Il «mio» cristianesimo

Ce la farò? Me lo chiedo leggendo su Testimonianze l'articolo che padre Balducci, già nostro comune amico, dedica alla mia Tunica: articolo che vede in me, tanto per cominciare, un traviato... Mi viene in mente, chissà come, una canzone della mia infanzia, nella quale si udivano queste accorate parole: «Quant'era meglio che non ti avessi amato! Sapevo il Credo e l'ho dimenticato... Sapevo le parole del Messale, ed ora non so più l'Avemaria...» E concludeva, il meschino: «Come farò a salvar l'anima mia?» È, visto alla rovescia, il mio caso, in quanto io rischio, o rischierei, la dannazione non per aver dimenticato ma per non aver voluto dimenticare, per essermi ostinato a ricordare, ad amare il Credo e il Messale, l'Avemaria di mia madre: per essere, come scriveva, di me, Giulio Schettini sullo Specchio, uno di quelli «che chiedono di poter ricevere l'estrema unzione nella stessa lingua in cui furono battezzati e furono uniti in matrimonio». Il mio traviamento è dovuto infatti alla liturgia, al mio amore per le ghiande latine che mi ostino a trovar più buone dei tortellini di Bologna. Ed è tale, tale mio amore, che invece di piegar la mia resistenza, di farmi pianger pentito, pianger mi fanno, quei tristi versi, al pensiero che tra non molto essi saranno veri per tutti: che, banditi da ogni preghiera, anche privata, anche individuale, come vogliono e insegnano i nuovi preti (ne ho visto, poco fa, in una nostra chiesa, uno che, venuto li per dir Messa e invitato dal parroco, mentre stava per cominciare, a dirla in latino, rispose che non se ne ricordava più e gli si dovè dare un messalino), l'Ave, Maria, il Pater, il Gloria, il Credo e l'Angelus e le Litanie e il De profundis) quali ce l'insegnò nostra Madre Chiesa e ripetemmo per secoli, saranno tutt'al più un ricordo, un vago ricordo di vecchi, che con essi morrà del tutto, salvo a teatro o in qualche disco di antiche musiche e i giovani chiederanno: «Cos'è?» Asciùgati gli occhi, Tito, e ascolta la predica.

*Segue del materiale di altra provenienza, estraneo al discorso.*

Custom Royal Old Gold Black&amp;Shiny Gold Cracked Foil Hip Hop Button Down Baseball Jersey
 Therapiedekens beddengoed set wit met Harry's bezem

«Nel dopoconcilio italiano, così povero di fatti emozionanti, la polemica attorno al libello di Tito Casini, La Tunica stracciata, ha avuto effetti salutari... Il Papa doveva intervenire e lo ha fatto. L'episodio ha suscitato in me due considerazioni. La prima riguarda il Cattolicesimo di Tito Casini... Egli mi ha fatto l'onore di citarmi nel suo libello come segugio del "nuovo Lutero" di Bologna» (e tale sia, se vi pare: io non l'ho detto così espresso), «memore di una polemica che avemmo sulle colonne di un giornale fiorentino, per l'appunto sull'argomento che ha finito per traviarlo fino a meritare i rimproveri del Papa...» Due volte, in tre righe, «il Papa», e io, seppure non convertito, ne sono stupito: stupito della conversione di lui, il Balducci, da bersagliere di La Marmora a zuavo pontificio con funzioni di polizia. Il Balducci, dico, che su Testimonianze, la rivista di cui gli han tolto la direzione perchè sapeva troppo, in campo religioso, di bersaglierismo, di Porta Pia, mi accusa di scarso papalismo, di non conformismo anche in dubiis, nonostante l'espressa proibizione del Papa (ammessa, submissa voce) anche dal cardinale Lercaro, che si facesse della nuova liturgia «un domma», della non nuova «un anatema»! Conversione, si direbbe, istantanea, avvenuta nel tempo che può occorrere per arrivare a questa pagina 331 della rivista che mi denunzia come irregolare e scordato, da quella pagina 320 del medesimo numero dove un articolo del medesimo padre Balducci su Antonio Rosmini comincia con queste parole del Roveretano: «Se qualche voce, interrompendo il silenzio di morte, s'innalza a parlare de' mezzi di salute che restano alla Chiesa, mirate onde viene: essa esce da qualche semplice fedele. Tutto al più sarà qualche povero sacerdote che ha tanto di coraggio», e il medesimo Balducci attacca la «teologia scolastica» come quella che procedeva «dall'esterno, arguendo ex auctoritate». Lo dicevo, io, che per disfarsi di noi, per farci tacere, quelli risusciterebbero Torquemada!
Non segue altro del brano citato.